ネル
試験から数日後の放課後、教室でジルと話していると、リリーがやってきた。それも、少し焦った様子である。
「どうした? リリー」
「あ、クロード。その、前に言ってたネルさんの不調についてだけど……」
「あぁ、その話か。やはり、試験を頑張りすぎたのが響いているのか?」
「そうかもね……それでね、とうとう今日ネルさんが早退したんだ」
「ネルが早退? そうか……」
リリーは不安そうに言った。
「試験の日以降、ネルさんは次第に元気がなくなっていたから、ずっと心配だったんだけど……」
「ならリリー、今日女子寮にでも出向いて様子を見てやってくれないか?」
「もちろん、そのつもりだったよ」
ネルの調子が悪くなってから、俺は気が気でなかった。本人に訊くと、勉強の疲れだとか寝不足だと言っていたが、ネルは自己管理ができる人のはずだ。

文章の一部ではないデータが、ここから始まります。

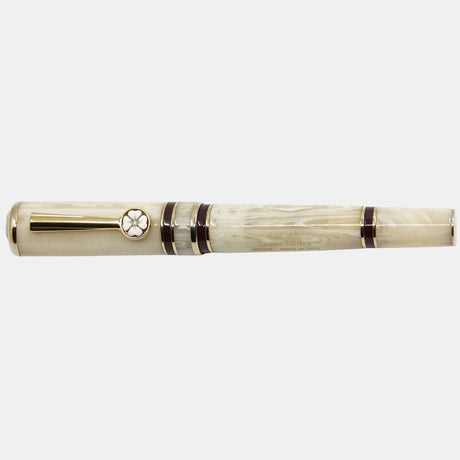 Gioia Cameo Special Edition Fountain Pen - SCOOBOO - GC-049-M - Fountain pen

試験のために無理したのか? それが今になって響いてるとか?
何にせよ、リリーに様子を見てもらうまで待機だな。
その後、今まで通り勉強会が開催されたものの、教える側のネルが不在なため大したことはできなかった。また、勉強会組のみんなも彼女の体調が心配らしく、居ても立ってもいられなくなったリリーが、図書館を飛び出して女子寮へ行ってしまった。
ジルがポツンと言う。
「ネルさんが体調を崩すなんて珍しいよな。何かの病気ならシーナ先生のところへ駆け込むはずだけど、今日偶然医務室に立ち寄った時は先生は何も知らないって言ってたぜ」
レオがペンを置いて言う。
「なら肉体的疲労か、あるいは精神的なものになるのか? 学イチを獲得して喜んではいたがなぁ」
外はすっかり暗くなっていた。依然として進まない勉強と、こみ上げる不安。ここ最近は、ネルのことしか考えてないとさえ思えた。
すると、シアが言った。
「そういえば、ネルが学イチの権利を使ったって聞いたよ。内容は知らないけどね」
「それ本当か?」
「あぁ。情報屋の獣人に聞いたから間違いない」
「サヤの情報か……なら本当なのか。しかし、俺にはずっと秘密にしているんだよな」
「うーん。君にあえて言ってないというのは不思議だよねぇ」
すると、ドタドタと階段を駆け上がる音が聞こえたかと思えば、リリーが戻ってきた。しかし、その様子から察するに、いい報告ではなさそうだった。
リリーが息を整えている間、俺は身構えた。
「みんな、聞いてほしい……! ネルさんがいない! どこにも!」
ネルがいない……?
「どういうことだ!」
「話によると、寮の自室で療養してるって聞いて、見に行ったらいなかったの。それで、友達に訊いたら、寮から出ていくネルさんの姿を見たって! しかもなんだかフラフラしてたって」
「寮から出たのか? 体調が悪いのに?」
「と、とにかく私は医務室を探してくるね」
すると、ジルが立ち上がった。
「俺は食堂を探すよ。もしかすると、腹が減っただけかもしれねぇからな」
レオが座ったまま言った。
「一応、レオファミリーに声をかけつつ、学園の広場辺りを探すことにする。シオもついてこい。後はそうだな、シアも」
すると、シアは首を横に振った。
「私はここで待機するよ。もし、勉強会組に伝えたいことでもあった場合、いなかったら困るでしょ?」
アランも、席から立ち上がる。
「まずは購買でも見に行くか。何か買いに行くのかもしれない。ユアも一緒に探そう」
勉強会組は、そのまま図書館を出て、散り散りになった。俺はポツンと取り残されて、そして思った。
ネルがいない。
……行きそうな場所か。わからない。なんで体調不良なのに寮から出たんだ?
ひとまず俺は、寮の前まで行くことにした。